Genre and Power

The question of genre is, I believe, extremely important.

The piece "Genre, Intertextuality, and Social Power" Bauman and Briggs begin with delineation of the history of ethnographic writing in order to arrive to understanding how genre plays out in power relations. Evoking Vladimir Propp, who discovered that the structure of fairy tail is preserved albeit the content may vary, and engaging with Boasian writing (produced by Boas and his students; for them, the genre of ethnographic writing was primarily the means of organizing gathered material), they identify the differences between approaches to genre, among which "The most significant dimension of contrast among formal perspectives on genre distinguishes those approaches that identify the formal organization of genre as an immanent, normative, structuring property of texts from those that view generic form as a conventionalized but flexible and open-ended set of expectations concerning the organization of formal means and structures in discursive practice." (144).

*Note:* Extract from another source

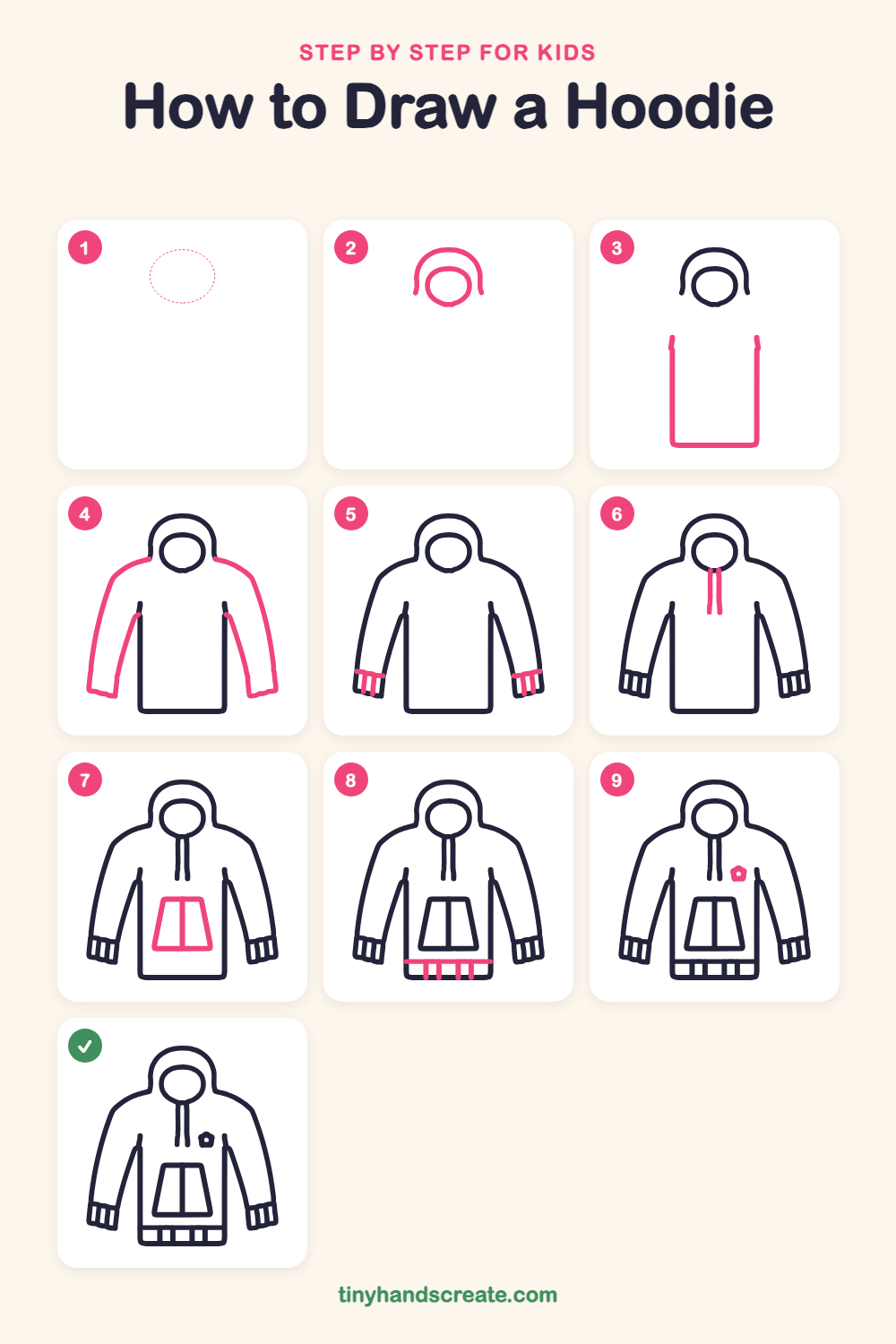 How to draw a hoodie step by step for kids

This division seems to not necessarily be so contrastive in nature. Genre might be a structuring property of texts and simultaneously a flexible set of expectations. The lack of clarity of the defining genre is telling, in the authors’ consideration, of the fat that it is the under-theorized problem in linguistic anthropology. (The article is written in 1991 but the clarity of the issue, I’d suggest, has only diminished, if anything, since then.) For Bakhtin, genre was an important subject of constant writing. With the shift from text to performance, the question of genre has only increased in its significance. Bringing the discussion to the discourse of intertextuality and dialogism of creative forms, the written work begins to exist on the "intersection of textual surfaces" (Kristeva), that is to say, within multiple intersecting (competing, interchanging, contesting each other and supporting each other) contexts. 

Therefore, "We would argue, similarly, that genre cannot fruitfully be characterized as a facet of the immanent properties of particular texts or performances. Like reported speech, genre is quintessentially intertextual" (147), that is to say, does not exist "objectively," as given, but depends on context.

"When viewed diachronically or vertically, the fit between a particular text and its generic model—as well as other tokens of the same genre—is never perfect; to paraphrase Sapir, we might say that all genres leak. Generic frameworks thus never provide sufficient means of producing and receiving discourse. Some elements of contextualization creep in, fashioning indexical connections to the ongoing discourse, social interaction, broader social relations, and the particular historical juncture(s) at which the discourse is produced and received. […] The process of linking particular utterances to generic models thus necessarily
produces an intertextual gap." (149)

Ultimately the question of genre is political: "Invocations of genre provide powerful strategies for building what Anderson (1991(1983]) terms "imagined communities." (150) For example, "As in the Weyewa case, the
speech genres that comprise the "talk of the elders of bygone days"
among Spanish speakers in New Mexico play a key role in this process" (150).

The question of power, therefore, is a question of powerful narratives the production of which is structured around the axis of genre. "Intertextual gaps" are widened, narrowed, erased, deepened, and downplayed depending on goals of the ruling classes.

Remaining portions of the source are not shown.